IceCube Neutrino Observatory Explores Origin of Cosmic Rays
Although cosmic rays were discovered 100 years ago, their origin remains one of the most enduring mysteries in physics. Now, the IceCube Neutrino Observatory, a massive detector in Antarctica, is honing in on how the highest energy cosmic rays are produced.
“Although we have not discovered where cosmic rays come from, we have taken a major step towards ruling out one of the leading predictions,” said IceCube principal investigator and University of Wisconsin – Madison physics professor Francis Halzen.
Cosmic rays are electrically charged particles, such as protons, that strike Earth from all directions, with energies up to one hundred million times higher than those created in man-made accelerators. The intense conditions needed to generate such energetic particles have focused physicists’ interest on two potential sources: the massive black holes at the centers of active galaxies, and the exploding fireballs observed by astronomers as gamma ray bursts (GRBs).
IceCube is using neutrinos, which are believed to accompany cosmic ray production, to explore these theories. In a paper published today in the journal Nature, the IceCube collaboration describes a search for neutrinos emitted from 300 gamma ray bursts observed, most recently in coincidence with the SWIFT and Fermi satellites, between May 2008 and April 2010. Surprisingly, they found none – a result that contradicts 15 years of predictions and challenges one of the two leading theories for the origin of the highest energy cosmic rays.
“The result of this neutrino search is significant because for the first time we have an instrument with sufficient sensitivity to open a new window on cosmic ray production and the interior processes of GRBs,” said IceCube spokesperson and University of Maryland physics professor Greg Sullivan. “The unexpected absence of neutrinos from GRBs has forced a re-evaluation of the theory for production of cosmic rays and neutrinos in a GRB fireball and possibly the theory that high energy cosmic rays are generated in fireballs.”
IceCube is a high energy neutrino telescope at the geographical South Pole in Antarctica, operated by a collaboration of 250 physicists and engineers from the USA, Germany, Sweden, Belgium, Switzerland, Japan, Canada, New Zealand, Australia and Barbados.
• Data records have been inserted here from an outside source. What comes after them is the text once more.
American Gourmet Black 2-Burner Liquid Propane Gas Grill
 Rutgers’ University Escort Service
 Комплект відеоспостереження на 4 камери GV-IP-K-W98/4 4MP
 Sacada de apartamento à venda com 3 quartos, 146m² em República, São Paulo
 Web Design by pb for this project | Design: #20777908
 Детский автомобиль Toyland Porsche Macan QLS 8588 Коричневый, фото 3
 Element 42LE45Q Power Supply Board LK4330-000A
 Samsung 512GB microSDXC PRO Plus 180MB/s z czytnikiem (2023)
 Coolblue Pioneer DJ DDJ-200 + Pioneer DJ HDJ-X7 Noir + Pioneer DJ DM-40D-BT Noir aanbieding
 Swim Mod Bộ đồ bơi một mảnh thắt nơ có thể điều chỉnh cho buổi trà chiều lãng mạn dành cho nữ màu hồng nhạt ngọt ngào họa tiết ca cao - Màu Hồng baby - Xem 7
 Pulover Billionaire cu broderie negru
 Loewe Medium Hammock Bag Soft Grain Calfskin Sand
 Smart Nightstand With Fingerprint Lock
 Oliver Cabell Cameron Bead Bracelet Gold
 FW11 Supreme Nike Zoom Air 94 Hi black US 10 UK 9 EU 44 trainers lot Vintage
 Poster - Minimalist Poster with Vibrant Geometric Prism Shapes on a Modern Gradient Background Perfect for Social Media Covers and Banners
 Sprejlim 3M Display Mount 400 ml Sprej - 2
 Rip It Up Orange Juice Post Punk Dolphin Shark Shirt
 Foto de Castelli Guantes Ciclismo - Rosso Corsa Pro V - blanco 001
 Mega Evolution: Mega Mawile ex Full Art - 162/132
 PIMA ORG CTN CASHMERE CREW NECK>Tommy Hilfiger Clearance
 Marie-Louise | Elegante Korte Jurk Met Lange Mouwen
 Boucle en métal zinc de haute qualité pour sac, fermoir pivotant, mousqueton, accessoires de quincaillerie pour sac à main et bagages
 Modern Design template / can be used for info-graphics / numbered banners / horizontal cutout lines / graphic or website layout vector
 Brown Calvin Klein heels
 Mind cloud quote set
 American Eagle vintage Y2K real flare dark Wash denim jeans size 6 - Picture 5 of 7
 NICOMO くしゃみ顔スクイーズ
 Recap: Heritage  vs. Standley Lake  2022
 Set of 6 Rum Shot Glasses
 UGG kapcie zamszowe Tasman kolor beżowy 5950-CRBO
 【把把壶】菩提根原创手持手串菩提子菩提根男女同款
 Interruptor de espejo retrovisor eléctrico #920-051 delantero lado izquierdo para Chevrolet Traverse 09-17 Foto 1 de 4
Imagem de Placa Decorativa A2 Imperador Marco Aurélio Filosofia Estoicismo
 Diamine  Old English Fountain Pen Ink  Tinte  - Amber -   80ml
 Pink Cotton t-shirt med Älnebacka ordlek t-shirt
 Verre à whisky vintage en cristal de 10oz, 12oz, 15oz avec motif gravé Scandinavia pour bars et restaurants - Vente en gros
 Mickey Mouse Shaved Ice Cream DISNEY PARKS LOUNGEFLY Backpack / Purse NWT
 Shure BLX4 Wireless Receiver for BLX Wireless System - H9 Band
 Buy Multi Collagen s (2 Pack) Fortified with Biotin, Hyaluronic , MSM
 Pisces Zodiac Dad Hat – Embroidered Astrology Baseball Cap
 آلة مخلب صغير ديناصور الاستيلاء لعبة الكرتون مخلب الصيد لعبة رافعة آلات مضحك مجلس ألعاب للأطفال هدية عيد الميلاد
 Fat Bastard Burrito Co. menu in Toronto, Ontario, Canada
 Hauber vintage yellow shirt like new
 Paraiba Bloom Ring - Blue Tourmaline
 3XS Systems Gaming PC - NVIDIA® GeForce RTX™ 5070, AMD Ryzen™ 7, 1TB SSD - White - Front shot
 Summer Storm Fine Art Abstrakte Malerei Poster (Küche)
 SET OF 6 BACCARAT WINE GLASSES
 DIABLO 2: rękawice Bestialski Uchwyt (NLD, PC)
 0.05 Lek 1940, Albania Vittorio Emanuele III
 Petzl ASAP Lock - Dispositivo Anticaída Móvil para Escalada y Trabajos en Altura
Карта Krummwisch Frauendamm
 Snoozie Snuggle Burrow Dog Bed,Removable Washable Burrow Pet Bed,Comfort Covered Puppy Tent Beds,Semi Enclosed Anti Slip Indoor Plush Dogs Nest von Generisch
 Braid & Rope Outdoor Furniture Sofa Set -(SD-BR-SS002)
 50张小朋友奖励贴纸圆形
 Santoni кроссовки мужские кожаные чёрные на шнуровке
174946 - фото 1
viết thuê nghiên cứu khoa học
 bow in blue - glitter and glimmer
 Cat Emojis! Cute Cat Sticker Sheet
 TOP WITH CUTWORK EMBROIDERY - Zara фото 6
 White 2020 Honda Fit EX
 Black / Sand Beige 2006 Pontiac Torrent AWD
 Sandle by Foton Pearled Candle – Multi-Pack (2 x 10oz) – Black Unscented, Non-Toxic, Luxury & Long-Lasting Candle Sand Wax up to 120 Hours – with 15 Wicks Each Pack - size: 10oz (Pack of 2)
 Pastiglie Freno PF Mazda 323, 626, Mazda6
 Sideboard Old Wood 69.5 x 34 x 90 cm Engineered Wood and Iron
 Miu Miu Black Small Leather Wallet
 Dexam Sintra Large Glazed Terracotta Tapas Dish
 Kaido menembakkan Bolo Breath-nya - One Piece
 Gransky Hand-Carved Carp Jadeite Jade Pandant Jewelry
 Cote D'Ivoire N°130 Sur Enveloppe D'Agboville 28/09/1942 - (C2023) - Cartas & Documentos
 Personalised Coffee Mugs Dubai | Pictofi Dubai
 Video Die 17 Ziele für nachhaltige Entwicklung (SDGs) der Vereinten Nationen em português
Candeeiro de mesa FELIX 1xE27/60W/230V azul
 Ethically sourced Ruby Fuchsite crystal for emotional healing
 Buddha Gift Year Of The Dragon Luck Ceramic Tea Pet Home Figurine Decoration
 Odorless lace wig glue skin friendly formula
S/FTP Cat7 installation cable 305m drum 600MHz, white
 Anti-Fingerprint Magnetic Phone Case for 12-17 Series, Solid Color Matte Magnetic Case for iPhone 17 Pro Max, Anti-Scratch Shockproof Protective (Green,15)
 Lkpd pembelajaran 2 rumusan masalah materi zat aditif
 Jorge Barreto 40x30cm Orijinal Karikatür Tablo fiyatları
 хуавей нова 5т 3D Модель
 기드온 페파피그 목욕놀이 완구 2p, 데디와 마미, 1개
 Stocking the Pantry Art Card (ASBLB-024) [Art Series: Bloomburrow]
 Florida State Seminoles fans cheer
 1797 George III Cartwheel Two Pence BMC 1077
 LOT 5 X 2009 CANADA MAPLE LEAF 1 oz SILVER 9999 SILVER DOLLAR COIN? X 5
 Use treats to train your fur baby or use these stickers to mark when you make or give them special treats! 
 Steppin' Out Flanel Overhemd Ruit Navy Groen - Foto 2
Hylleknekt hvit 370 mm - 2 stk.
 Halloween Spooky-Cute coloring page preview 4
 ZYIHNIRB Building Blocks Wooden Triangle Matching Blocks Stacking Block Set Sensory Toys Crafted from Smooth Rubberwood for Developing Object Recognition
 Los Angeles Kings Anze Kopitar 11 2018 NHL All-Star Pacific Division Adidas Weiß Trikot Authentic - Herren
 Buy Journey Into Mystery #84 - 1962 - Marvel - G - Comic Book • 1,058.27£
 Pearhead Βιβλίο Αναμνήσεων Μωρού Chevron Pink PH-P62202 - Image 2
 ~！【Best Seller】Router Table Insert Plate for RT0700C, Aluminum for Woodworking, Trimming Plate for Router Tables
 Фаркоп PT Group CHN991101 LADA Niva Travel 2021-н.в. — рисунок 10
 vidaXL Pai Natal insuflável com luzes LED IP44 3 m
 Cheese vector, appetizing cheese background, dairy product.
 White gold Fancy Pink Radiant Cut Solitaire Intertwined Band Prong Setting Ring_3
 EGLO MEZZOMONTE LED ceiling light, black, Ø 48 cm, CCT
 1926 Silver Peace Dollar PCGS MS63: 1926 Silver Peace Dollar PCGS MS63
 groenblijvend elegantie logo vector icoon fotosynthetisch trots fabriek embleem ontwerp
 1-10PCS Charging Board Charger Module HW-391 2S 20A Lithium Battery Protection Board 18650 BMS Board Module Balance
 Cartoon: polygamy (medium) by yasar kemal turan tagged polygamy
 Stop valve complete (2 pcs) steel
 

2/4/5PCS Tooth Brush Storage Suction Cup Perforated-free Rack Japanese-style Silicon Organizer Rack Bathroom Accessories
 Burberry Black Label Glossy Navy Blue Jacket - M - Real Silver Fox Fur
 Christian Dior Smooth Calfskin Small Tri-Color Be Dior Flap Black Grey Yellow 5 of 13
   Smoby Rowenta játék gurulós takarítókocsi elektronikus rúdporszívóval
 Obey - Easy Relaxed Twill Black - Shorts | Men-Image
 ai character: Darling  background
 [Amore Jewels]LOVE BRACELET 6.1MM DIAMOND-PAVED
The IceCube Neutrino Observatory was built under a National Science Foundation (NSF) Major Research Equipment and Facilities Construction grant, with assistance from partner funding agencies around the world. The NSF continues to support the project with a Maintenance and Operations grant co-sponsored by the Division of Antarctic Sciences and the Division of Physics. Construction was finished in December 2010.
IceCube observes neutrinos by detecting the faint blue light produced in neutrino interactions in ice. Neutrinos are of a ghostly nature; they can easily travel through people, walls, or the planet Earth. To compensate for the antisocial nature of neutrinos and detect their rare interactions, IceCube is built on an enormous scale. One cubic kilometer of glacial ice, enough to fit the great pyramid of Giza 400 times, is instrumented with 5,160 optical sensors embedded up to 2.5 kilometers deep in the ice.
GRBs, the universe’s most powerful explosions, are usually first observed by satellites using X-rays and/or gamma rays. GRBs are seen about once per day, and are so bright that they can be seen from half way across the visible Universe. The explosions usually last only a few seconds, and during this brief time they can outshine everything else in the universe.
Improved theoretical understanding and more data from the compete IceCube detector will help scientists better understand the mystery of cosmic ray production. IceCube is currently collecting more data with the finalized, better calibrated, and better understood detector.